What is the “two-stage” a.k.a.”reverse creaming” mixing method?

I mean, it doesn’t appear under your “mixing methods” links, Joe! That’s true, and maybe it should, since it’s a perfectly viable alternative to the creaming method, even superior to it in some ways. What exactly does it involve? Unlike the standard creaming method — whereby the sugar and fat are beaten together, then the remaining wet and dry ingredients are added slowly in alternating installments — the two-stage method calls for all the fat, plus about 75% of the liquid in the recipe, to be added to the dry ingredients at the start. The remaining wet ingredients are then added in installments and throughly beaten in.

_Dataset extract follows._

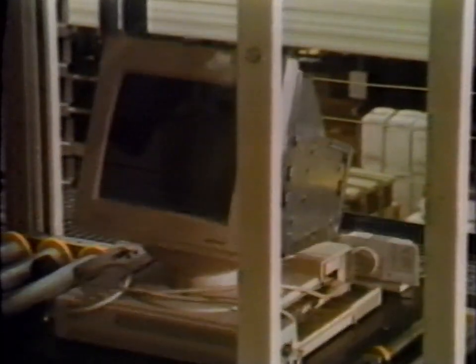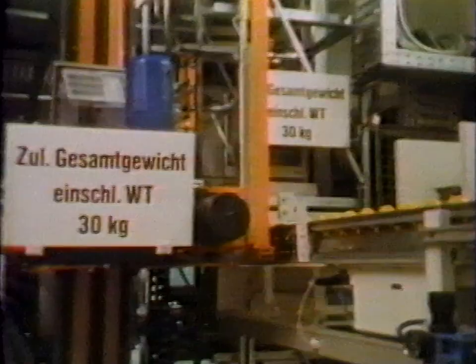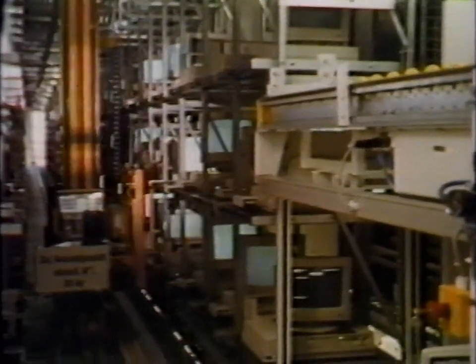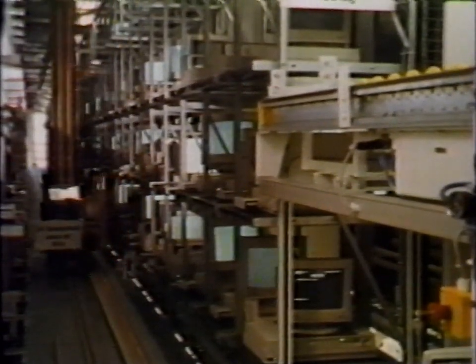After final assembly, the finished product undergoes extensive testing. In a single year in the Augsburg factory, more than 100,000 terminals, PCs, and small business systems were produced, with a sales volume of well over one billion Deutschmarks. Computers which were built by computers — in this factory of the future.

What does that accomplish? Here again, the answer is related to gluten. The two-stage method is designed to inhibit the formation of gluten networks and produce a more tender cake. Gluten networks, as most of you will recall, are formed when flour is agitated in the presence of moisture. But Joe, isn’t that exactly what’s going on in the two-stage mixing method? You’re adding liquid to flour and agitating it — a lot? Yes and no. Under the two-stage method, a small amount of liquid is added to the dry ingredients at the outset to lubricate the mix, though most of that will be bound up by all the sugar that’s in it (sugar, as many of you also know, is hygroscopic). What’s mostly going into the mixing bowl is softened fat, a lot of it, and by thoroughly mixing it in, what’s happening is that the flour granules are being thoroughly coated, which will greatly interfere with their ability to form activated gluten networks when the rest of the liquid joins the party.

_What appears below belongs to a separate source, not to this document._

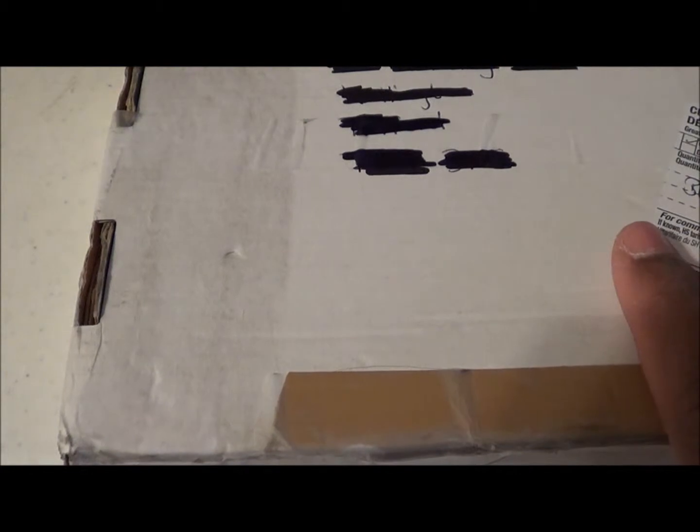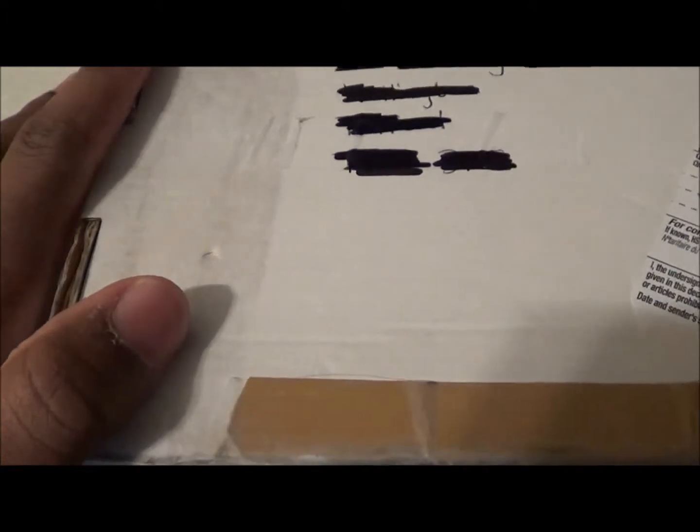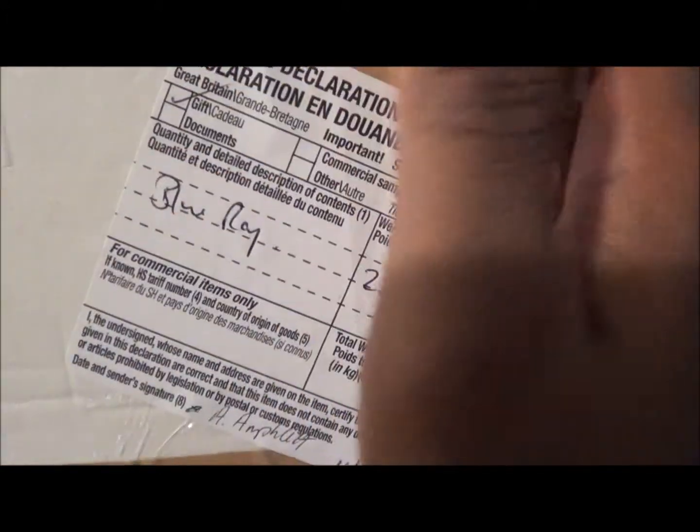Today we're going to unbox a package from my good friend Andrew, aka mediaworld01. He sent me a blu-ray package — I believe it's either a steelbook or a regular edition blu-ray. As you can see, I've got his address blocked out, and for the sake of my address, I'm going to open it from this side. Let's do it.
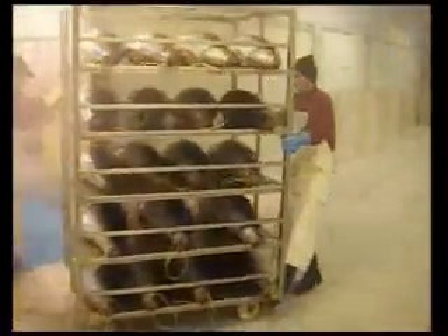Once each trolley is filled, it's taken into one of five blast rooms. The blast rooms have a total capacity of 30 tons.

Quite ingenious. For as some of you observed in your answers to my “Spot the Difference” challenge, there’s an awful lot of beating going on in this recipe — far more than you’d ever dream of doing with the muffin method, and a good deal more than with the standard creaming method. It’s those fat-coated flour particles that allow you to get away with it. Indeed in spite of all that mixing, the two-stage mixing method produces cakes that are more delicate and tender than you can achieve by any other means.